Are Your Outsourcer's Prices Too Low?
- 11 March, 2010 07:40
- Comments
It's always a good idea to benchmark your outsourcer's prices periodically against the market. But what if you find that your IT service provider's rates are too low?
It could happen. And it's not usually a good thing. While every benchmarker, client and outsourcer has an opinion about acceptable variances in IT service rates, outsourcing prices that come in at more than 20 percent below the market rate are red flags.
Prices that are too low can lead outsourcing vendors to issue more change orders for work they claim is beyond the scope of the original contract. Bargain basement prices can also push vendors to replace skilled staff with lower-cost personnel and innovate less. And they can lead to poor service that may not be covered by the client's service level agreements (SLAs.)
"Many service level agreements are written to provide the customer with relatively little protection; the targets are easy for the vendor to meet, while the actual service fails to adequately address the business needs," says Bob Mathers, principal consultant with Compass Management Consulting in Toronto. "If the vendor is making a fair margin, client and vendor can work together to close this gap. If the vendor is bleeding, they are more apt to stick to the letter of the contract and provide nothing more, leaving internal IT groups to pick up the slack."

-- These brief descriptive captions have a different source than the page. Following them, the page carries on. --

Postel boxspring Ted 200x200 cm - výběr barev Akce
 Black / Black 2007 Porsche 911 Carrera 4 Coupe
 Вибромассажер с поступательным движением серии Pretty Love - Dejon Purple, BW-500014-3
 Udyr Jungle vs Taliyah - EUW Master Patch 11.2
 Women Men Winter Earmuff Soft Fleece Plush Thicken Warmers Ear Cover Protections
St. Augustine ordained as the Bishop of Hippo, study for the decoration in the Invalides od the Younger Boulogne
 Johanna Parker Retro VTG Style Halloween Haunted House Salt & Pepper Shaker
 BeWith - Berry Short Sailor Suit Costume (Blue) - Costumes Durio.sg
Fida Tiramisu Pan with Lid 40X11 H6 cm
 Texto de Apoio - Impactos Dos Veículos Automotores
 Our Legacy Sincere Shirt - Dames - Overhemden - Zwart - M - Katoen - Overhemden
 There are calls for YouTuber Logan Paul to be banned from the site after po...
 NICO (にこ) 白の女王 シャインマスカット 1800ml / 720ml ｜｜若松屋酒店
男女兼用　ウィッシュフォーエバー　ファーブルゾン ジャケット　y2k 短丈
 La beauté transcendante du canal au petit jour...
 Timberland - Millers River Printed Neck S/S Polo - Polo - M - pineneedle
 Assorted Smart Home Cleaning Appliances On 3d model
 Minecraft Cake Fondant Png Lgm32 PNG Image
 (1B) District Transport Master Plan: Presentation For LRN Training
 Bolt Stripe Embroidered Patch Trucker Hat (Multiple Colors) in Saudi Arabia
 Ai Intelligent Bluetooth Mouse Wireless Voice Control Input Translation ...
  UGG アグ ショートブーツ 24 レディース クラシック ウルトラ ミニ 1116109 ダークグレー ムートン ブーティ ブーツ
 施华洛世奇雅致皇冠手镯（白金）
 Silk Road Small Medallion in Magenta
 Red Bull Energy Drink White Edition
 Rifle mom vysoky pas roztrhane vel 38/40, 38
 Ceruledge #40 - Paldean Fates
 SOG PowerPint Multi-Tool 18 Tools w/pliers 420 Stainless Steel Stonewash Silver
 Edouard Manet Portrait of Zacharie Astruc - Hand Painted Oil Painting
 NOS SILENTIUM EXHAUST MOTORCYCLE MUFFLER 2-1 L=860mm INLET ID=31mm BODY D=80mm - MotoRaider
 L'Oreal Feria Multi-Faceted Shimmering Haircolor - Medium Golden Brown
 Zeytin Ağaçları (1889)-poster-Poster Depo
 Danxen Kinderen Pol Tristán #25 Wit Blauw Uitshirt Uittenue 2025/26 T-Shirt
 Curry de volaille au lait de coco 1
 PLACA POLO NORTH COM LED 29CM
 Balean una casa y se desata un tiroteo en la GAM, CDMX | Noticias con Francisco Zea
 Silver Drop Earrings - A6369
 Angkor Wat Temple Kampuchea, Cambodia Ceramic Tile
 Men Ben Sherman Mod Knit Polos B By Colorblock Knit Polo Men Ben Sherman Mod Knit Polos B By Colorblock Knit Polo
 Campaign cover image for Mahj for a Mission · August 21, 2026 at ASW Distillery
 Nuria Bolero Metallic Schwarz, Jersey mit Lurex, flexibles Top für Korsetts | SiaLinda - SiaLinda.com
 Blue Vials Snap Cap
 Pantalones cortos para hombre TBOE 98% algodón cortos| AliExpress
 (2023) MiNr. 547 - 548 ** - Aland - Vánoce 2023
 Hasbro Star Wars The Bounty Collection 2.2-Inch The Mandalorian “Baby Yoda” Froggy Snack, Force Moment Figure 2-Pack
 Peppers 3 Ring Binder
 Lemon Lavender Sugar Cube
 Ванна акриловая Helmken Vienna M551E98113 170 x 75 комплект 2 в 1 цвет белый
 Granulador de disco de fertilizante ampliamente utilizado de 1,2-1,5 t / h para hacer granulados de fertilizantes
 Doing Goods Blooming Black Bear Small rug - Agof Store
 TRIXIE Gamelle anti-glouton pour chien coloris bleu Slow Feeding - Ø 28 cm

Services Likely Priced Too Low
Under-pricing can show up in almost any area of service--except storage, where costs fall so fast it's hard for outsourcing contracts to keep up. Areas of service that tend to experience flat or marginal price declines over time, such as service desk or desktop support, often end up priced too low down the line.
"Also, if the client environment changes over the life of the contract in a way that makes it more expensive to support--decentralization or greater complexity--and prices have not increased to reflect these changes, that may result in contract prices that are below market," adds Mathers.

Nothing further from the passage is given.